Data for review |
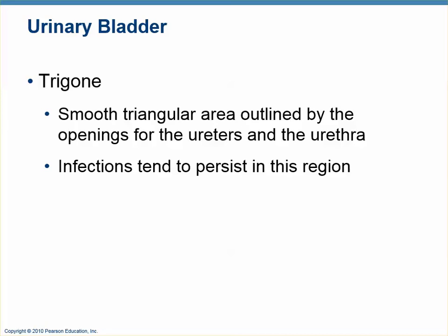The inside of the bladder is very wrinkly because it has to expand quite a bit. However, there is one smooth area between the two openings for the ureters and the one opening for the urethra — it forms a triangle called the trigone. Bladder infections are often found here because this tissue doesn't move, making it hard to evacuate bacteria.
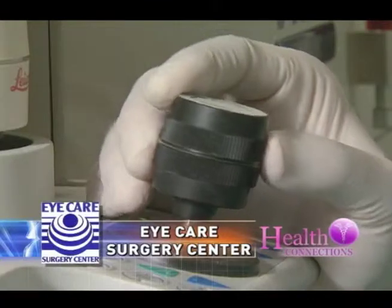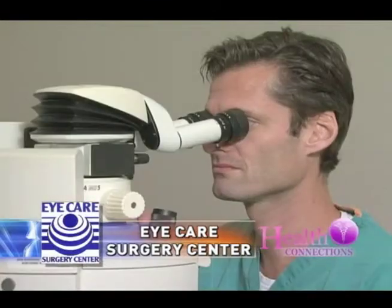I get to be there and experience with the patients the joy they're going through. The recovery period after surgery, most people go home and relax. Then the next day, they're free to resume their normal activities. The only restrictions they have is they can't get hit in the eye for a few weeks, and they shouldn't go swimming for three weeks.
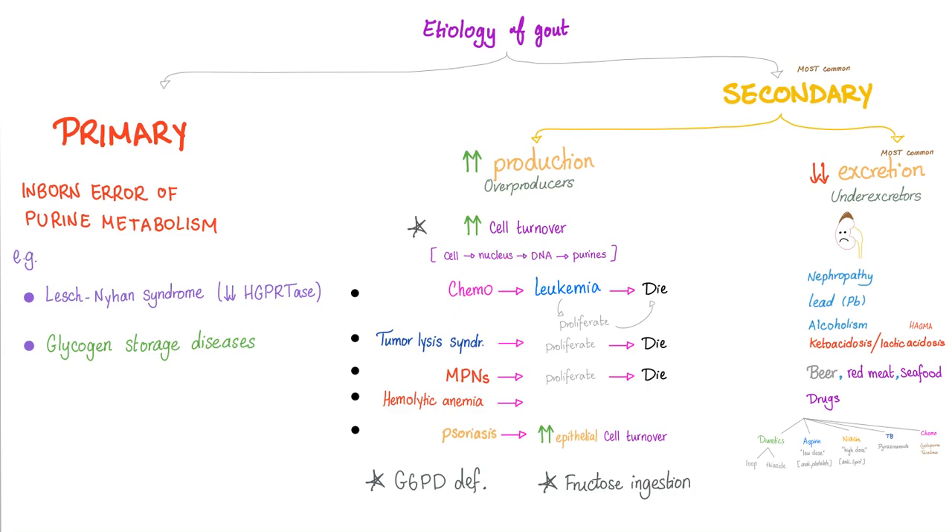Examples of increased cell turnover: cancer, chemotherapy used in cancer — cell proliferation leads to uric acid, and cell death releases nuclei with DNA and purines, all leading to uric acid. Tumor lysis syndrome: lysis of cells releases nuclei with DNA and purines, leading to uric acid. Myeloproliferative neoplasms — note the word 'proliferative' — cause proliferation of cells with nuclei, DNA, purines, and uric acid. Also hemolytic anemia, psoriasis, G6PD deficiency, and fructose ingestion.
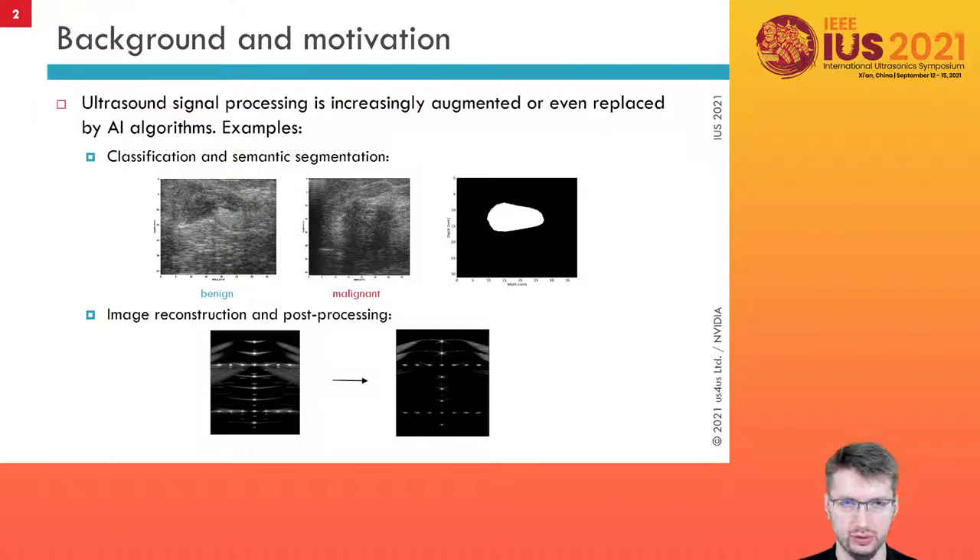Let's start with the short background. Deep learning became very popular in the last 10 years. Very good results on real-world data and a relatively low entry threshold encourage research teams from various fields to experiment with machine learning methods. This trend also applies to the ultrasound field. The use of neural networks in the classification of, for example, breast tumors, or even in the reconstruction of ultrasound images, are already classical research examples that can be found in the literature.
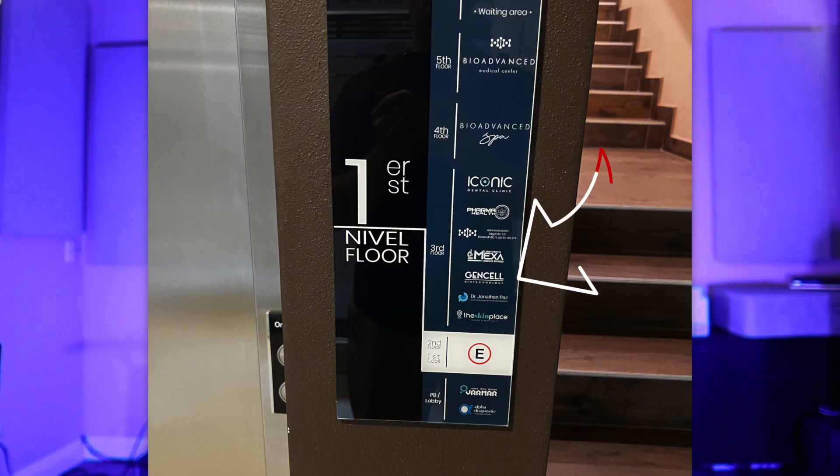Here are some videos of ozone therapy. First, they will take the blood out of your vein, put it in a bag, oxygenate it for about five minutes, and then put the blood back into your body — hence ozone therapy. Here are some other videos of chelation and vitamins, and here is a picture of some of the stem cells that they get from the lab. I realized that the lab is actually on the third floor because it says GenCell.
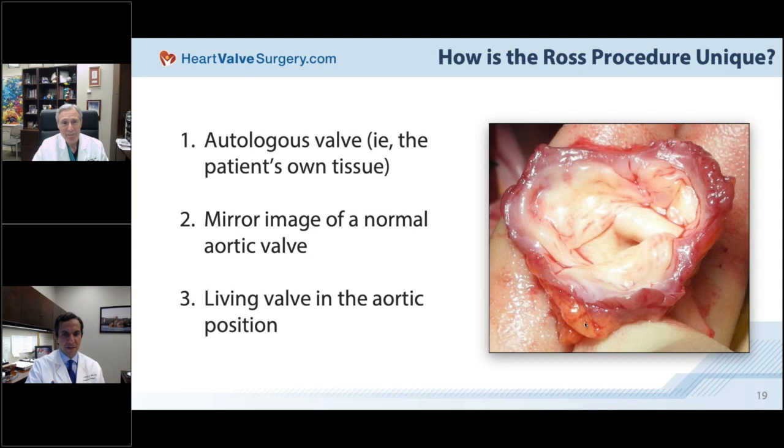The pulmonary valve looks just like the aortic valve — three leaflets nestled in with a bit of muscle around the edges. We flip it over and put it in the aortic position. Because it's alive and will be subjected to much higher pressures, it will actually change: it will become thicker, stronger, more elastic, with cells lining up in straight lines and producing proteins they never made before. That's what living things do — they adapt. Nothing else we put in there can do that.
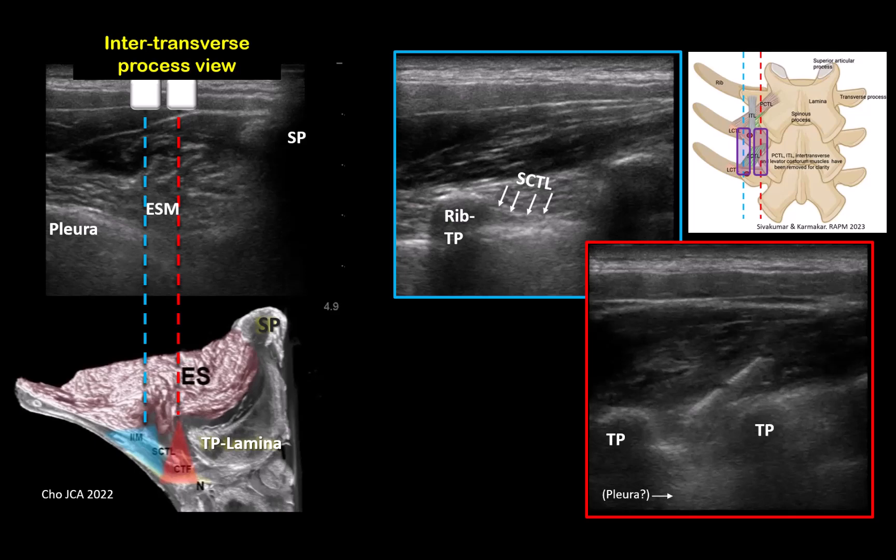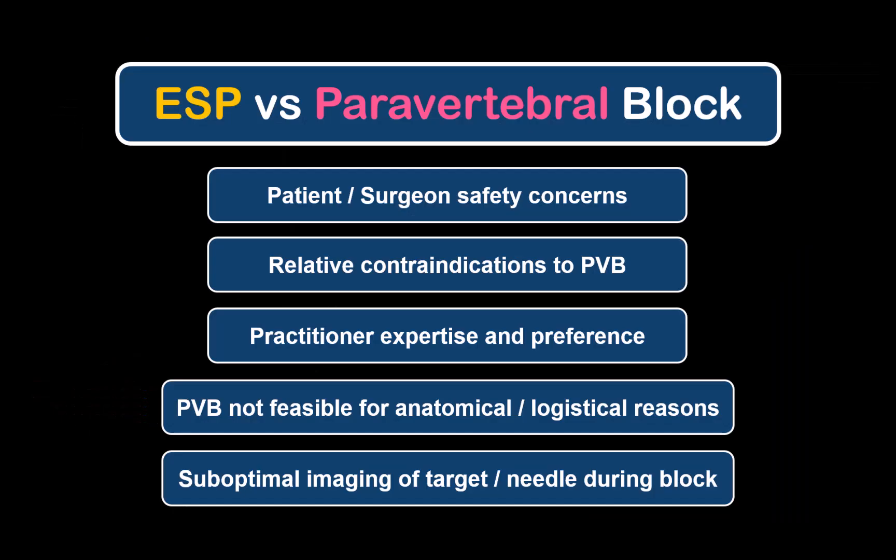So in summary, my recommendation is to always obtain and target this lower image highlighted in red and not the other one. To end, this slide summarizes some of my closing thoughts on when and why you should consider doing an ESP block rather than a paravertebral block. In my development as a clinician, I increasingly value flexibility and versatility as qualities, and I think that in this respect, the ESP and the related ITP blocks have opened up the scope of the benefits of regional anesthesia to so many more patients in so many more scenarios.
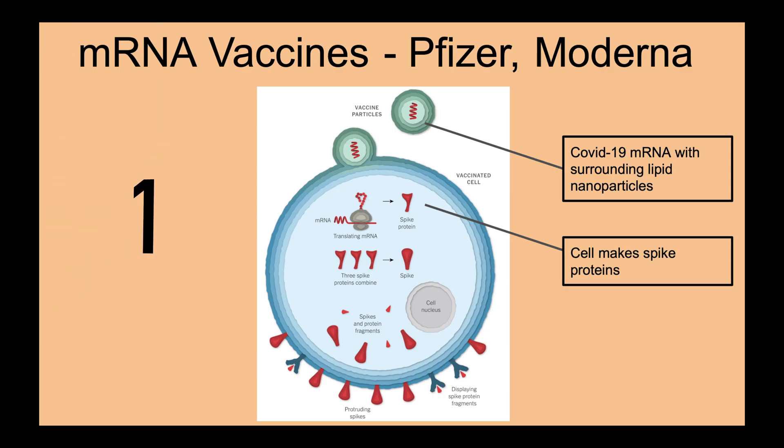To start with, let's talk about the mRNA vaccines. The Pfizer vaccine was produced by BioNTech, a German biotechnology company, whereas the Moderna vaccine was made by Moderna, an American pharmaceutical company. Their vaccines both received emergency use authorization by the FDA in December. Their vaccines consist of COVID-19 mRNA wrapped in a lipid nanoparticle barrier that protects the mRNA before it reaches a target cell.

Exercise requirements |
Please set down the records above word for word and omit their pictures.

Reply |
The inside of the bladder is very wrinkly because it has to expand quite a bit. However, there is one smooth area between the two openings for the ureters and the one opening for the urethra — it forms a triangle called the trigone. Bladder infections are often found here because this tissue doesn't move, making it hard to evacuate bacteria.
I get to be there and experience with the patients the joy they're going through. The recovery period after surgery, most people go home and relax. Then the next day, they're free to resume their normal activities. The only restrictions they have is they can't get hit in the eye for a few weeks, and they shouldn't go swimming for three weeks.
Examples of increased cell turnover: cancer, chemotherapy used in cancer — cell proliferation leads to uric acid, and cell death releases nuclei with DNA and purines, all leading to uric acid. Tumor lysis syndrome: lysis of cells releases nuclei with DNA and purines, leading to uric acid. Myeloproliferative neoplasms — note the word 'proliferative' — cause proliferation of cells with nuclei, DNA, purines, and uric acid. Also hemolytic anemia, psoriasis, G6PD deficiency, and fructose ingestion.
Let's start with the short background. Deep learning became very popular in the last 10 years. Very good results on real-world data and a relatively low entry threshold encourage research teams from various fields to experiment with machine learning methods. This trend also applies to the ultrasound field. The use of neural networks in the classification of, for example, breast tumors, or even in the reconstruction of ultrasound images, are already classical research examples that can be found in the literature.
Here are some videos of ozone therapy. First, they will take the blood out of your vein, put it in a bag, oxygenate it for about five minutes, and then put the blood back into your body — hence ozone therapy. Here are some other videos of chelation and vitamins, and here is a picture of some of the stem cells that they get from the lab. I realized that the lab is actually on the third floor because it says GenCell.
The pulmonary valve looks just like the aortic valve — three leaflets nestled in with a bit of muscle around the edges. We flip it over and put it in the aortic position. Because it's alive and will be subjected to much higher pressures, it will actually change: it will become thicker, stronger, more elastic, with cells lining up in straight lines and producing proteins they never made before. That's what living things do — they adapt. Nothing else we put in there can do that.
So in summary, my recommendation is to always obtain and target this lower image highlighted in red and not the other one. To end, this slide summarizes some of my closing thoughts on when and why you should consider doing an ESP block rather than a paravertebral block. In my development as a clinician, I increasingly value flexibility and versatility as qualities, and I think that in this respect, the ESP and the related ITP blocks have opened up the scope of the benefits of regional anesthesia to so many more patients in so many more scenarios.
To start with, let's talk about the mRNA vaccines. The Pfizer vaccine was produced by BioNTech, a German biotechnology company, whereas the Moderna vaccine was made by Moderna, an American pharmaceutical company. Their vaccines both received emergency use authorization by the FDA in December. Their vaccines consist of COVID-19 mRNA wrapped in a lipid nanoparticle barrier that protects the mRNA before it reaches a target cell.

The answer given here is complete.